TASK ITEM:
Check every line of the entries below for the word "includes", and copy the ones that have it.

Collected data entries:
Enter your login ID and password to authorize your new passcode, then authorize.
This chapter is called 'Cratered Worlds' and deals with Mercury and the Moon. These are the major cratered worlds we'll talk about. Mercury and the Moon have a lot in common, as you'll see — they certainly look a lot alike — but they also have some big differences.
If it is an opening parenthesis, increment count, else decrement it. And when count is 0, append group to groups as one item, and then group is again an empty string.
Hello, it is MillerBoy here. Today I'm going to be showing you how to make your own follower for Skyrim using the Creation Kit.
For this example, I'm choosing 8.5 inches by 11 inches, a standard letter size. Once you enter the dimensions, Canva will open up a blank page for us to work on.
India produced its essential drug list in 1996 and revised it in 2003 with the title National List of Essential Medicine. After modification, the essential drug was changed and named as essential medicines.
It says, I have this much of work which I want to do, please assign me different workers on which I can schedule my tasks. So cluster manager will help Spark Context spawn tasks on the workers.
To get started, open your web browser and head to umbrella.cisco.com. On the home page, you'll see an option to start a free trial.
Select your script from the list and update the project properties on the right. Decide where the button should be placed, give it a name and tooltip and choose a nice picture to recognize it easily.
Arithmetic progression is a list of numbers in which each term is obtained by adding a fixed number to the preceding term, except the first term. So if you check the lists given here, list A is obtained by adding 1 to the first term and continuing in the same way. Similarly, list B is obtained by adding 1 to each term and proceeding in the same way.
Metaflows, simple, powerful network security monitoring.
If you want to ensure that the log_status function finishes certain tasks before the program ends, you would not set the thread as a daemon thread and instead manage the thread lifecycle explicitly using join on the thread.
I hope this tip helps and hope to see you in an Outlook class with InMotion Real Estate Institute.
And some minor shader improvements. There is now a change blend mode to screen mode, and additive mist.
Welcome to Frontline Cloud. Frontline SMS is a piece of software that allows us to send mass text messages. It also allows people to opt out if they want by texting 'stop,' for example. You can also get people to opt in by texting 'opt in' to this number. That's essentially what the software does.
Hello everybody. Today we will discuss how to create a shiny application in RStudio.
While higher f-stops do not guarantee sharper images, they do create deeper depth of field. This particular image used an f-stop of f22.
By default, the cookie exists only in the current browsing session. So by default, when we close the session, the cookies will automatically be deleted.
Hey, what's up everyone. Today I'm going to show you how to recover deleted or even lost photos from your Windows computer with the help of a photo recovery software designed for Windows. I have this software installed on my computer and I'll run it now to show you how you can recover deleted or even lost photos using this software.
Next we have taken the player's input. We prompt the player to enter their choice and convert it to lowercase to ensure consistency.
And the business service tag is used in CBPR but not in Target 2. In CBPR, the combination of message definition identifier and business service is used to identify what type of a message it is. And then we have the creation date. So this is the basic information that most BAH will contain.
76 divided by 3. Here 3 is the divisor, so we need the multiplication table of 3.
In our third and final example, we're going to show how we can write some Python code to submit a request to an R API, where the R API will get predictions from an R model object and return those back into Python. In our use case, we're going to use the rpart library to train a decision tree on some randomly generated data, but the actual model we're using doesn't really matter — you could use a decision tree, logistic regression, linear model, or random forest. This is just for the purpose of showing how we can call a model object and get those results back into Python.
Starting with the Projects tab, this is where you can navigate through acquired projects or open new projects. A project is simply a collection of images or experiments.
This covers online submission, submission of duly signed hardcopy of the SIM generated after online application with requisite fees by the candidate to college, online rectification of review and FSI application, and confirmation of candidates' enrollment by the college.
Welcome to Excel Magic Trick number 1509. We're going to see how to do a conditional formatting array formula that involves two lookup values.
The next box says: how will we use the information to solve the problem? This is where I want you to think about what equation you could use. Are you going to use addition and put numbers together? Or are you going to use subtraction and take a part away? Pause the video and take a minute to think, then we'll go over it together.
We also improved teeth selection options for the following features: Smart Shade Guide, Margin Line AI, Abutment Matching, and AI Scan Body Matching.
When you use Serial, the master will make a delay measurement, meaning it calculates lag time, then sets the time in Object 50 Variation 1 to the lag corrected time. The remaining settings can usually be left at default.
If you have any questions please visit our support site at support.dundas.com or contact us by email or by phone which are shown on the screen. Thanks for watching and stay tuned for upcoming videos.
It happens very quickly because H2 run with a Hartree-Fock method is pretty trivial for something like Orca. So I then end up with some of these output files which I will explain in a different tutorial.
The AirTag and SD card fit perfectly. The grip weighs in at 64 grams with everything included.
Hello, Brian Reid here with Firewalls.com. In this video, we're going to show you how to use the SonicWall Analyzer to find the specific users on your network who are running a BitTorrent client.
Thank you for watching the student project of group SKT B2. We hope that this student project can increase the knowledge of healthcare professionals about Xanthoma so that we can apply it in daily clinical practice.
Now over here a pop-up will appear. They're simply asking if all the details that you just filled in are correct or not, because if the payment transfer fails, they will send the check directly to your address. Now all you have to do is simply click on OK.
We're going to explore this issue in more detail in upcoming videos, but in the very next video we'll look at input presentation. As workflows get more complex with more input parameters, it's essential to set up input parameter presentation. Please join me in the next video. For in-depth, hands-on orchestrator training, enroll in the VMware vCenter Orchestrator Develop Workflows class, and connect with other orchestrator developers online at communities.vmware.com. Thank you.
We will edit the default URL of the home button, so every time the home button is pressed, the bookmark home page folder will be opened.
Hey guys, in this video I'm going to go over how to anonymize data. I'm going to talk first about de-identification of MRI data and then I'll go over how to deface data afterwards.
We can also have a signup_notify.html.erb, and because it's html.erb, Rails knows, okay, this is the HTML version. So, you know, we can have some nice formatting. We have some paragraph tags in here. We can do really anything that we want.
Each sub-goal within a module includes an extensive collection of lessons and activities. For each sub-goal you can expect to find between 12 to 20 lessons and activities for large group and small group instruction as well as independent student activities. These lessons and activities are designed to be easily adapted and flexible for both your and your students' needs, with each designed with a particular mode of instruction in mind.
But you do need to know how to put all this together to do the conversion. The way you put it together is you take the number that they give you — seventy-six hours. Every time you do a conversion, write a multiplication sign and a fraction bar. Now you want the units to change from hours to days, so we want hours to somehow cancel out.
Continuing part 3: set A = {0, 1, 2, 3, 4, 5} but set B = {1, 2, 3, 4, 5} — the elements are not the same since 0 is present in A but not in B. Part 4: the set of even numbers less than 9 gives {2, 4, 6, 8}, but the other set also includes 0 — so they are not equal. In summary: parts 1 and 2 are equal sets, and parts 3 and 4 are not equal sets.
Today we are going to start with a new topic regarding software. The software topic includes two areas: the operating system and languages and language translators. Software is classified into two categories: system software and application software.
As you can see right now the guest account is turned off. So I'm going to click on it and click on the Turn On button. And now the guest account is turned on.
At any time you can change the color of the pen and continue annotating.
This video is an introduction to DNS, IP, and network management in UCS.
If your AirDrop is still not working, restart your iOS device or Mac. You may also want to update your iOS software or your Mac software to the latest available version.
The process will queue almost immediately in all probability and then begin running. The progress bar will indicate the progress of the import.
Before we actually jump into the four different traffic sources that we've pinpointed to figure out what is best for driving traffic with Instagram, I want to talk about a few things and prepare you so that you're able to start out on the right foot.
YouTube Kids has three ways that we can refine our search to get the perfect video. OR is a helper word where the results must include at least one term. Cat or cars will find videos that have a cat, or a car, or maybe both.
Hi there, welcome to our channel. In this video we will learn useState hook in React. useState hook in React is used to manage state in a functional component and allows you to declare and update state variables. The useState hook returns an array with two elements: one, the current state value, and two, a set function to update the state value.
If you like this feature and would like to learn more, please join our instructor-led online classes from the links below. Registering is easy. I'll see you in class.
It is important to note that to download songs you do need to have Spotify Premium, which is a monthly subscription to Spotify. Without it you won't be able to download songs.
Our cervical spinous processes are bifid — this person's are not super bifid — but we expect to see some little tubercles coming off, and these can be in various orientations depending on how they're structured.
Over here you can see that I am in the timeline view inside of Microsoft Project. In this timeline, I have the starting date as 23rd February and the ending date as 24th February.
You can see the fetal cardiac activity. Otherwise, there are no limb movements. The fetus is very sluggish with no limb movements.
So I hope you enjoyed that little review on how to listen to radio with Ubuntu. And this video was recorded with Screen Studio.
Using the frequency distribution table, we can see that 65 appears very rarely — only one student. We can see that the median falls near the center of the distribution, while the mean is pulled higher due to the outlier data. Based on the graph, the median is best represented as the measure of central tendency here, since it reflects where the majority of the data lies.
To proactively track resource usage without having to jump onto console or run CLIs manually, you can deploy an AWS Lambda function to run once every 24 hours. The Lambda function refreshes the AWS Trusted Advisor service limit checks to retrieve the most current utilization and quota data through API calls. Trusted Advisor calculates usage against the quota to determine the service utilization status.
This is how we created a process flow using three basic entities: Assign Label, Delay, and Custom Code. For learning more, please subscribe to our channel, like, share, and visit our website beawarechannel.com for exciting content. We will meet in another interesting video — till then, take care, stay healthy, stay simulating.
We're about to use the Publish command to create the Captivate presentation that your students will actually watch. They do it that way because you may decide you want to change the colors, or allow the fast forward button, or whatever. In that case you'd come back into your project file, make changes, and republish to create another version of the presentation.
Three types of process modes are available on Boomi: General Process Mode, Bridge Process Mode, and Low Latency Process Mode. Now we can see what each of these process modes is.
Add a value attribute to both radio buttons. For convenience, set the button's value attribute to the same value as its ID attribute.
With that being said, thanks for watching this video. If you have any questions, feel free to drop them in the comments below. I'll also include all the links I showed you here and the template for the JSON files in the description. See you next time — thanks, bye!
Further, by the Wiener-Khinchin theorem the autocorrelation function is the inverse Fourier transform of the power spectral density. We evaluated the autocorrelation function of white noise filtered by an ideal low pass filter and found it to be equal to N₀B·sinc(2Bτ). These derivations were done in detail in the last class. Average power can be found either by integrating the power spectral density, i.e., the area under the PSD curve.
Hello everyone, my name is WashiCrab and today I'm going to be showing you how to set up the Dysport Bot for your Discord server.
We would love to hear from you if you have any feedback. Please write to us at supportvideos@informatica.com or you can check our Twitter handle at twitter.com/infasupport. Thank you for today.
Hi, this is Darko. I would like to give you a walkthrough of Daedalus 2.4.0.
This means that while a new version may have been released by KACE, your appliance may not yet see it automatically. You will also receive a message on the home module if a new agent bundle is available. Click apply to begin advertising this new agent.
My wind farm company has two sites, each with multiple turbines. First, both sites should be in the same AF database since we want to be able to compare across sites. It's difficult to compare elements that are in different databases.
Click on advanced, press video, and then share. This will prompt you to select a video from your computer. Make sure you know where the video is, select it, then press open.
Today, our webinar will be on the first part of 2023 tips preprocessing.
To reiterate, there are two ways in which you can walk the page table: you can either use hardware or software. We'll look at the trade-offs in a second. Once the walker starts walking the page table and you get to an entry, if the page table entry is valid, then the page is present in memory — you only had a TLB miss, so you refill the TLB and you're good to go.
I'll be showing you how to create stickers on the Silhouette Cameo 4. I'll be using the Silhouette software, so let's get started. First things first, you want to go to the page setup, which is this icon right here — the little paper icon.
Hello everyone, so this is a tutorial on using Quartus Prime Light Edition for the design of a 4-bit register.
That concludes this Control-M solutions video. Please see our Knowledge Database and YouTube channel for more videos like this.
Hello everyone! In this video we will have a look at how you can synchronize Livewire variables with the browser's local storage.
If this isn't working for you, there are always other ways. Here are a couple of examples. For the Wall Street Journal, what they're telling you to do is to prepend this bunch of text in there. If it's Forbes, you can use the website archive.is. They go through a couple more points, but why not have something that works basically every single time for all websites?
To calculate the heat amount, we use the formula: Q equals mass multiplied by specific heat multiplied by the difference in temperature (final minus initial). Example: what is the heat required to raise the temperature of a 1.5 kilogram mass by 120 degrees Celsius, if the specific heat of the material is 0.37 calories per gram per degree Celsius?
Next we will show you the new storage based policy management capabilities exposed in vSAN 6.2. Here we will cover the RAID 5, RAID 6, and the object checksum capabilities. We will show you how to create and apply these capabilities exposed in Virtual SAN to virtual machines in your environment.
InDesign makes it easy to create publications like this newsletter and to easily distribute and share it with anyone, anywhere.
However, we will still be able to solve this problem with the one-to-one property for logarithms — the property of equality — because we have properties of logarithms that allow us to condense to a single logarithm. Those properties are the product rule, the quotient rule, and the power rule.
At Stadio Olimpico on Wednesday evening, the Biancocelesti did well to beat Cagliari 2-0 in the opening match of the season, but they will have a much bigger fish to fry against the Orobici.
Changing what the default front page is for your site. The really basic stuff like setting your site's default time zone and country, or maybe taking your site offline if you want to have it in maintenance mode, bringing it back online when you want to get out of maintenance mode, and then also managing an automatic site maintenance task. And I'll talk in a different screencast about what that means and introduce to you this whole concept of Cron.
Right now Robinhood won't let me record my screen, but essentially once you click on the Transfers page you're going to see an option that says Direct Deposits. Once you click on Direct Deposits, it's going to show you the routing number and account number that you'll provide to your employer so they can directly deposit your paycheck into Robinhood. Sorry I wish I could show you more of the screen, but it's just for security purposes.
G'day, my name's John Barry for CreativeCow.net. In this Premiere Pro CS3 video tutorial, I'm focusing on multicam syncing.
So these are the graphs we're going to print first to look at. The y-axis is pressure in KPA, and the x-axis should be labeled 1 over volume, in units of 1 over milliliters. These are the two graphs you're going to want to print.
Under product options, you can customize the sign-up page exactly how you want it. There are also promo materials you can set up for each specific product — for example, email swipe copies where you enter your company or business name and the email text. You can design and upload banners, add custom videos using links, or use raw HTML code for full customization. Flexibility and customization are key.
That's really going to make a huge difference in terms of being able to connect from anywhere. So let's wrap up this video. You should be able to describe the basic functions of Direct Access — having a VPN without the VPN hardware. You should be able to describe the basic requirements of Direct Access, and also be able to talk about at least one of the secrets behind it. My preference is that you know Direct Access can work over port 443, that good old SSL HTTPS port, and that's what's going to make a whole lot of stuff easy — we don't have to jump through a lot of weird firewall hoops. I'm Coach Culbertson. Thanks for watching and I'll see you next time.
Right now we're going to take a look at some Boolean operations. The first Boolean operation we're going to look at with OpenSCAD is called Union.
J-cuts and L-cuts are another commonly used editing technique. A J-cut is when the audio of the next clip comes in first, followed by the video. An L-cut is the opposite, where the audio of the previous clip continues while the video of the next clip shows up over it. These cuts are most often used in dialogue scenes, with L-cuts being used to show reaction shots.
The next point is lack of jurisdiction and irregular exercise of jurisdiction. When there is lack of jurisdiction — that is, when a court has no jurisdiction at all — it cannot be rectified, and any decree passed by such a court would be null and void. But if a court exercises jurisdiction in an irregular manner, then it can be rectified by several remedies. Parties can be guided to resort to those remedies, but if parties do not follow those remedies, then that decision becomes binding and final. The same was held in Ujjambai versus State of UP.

COMPLETED EXERCISE:
Each sub-goal within a module includes an extensive collection of lessons and activities. For each sub-goal you can expect to find between 12 to 20 lessons and activities for large group and small group instruction as well as independent student activities. These lessons and activities are designed to be easily adapted and flexible for both your and your students' needs, with each designed with a particular mode of instruction in mind.
Continuing part 3: set A = {0, 1, 2, 3, 4, 5} but set B = {1, 2, 3, 4, 5} — the elements are not the same since 0 is present in A but not in B. Part 4: the set of even numbers less than 9 gives {2, 4, 6, 8}, but the other set also includes 0 — so they are not equal. In summary: parts 1 and 2 are equal sets, and parts 3 and 4 are not equal sets.
Today we are going to start with a new topic regarding software. The software topic includes two areas: the operating system and languages and language translators. Software is classified into two categories: system software and application software.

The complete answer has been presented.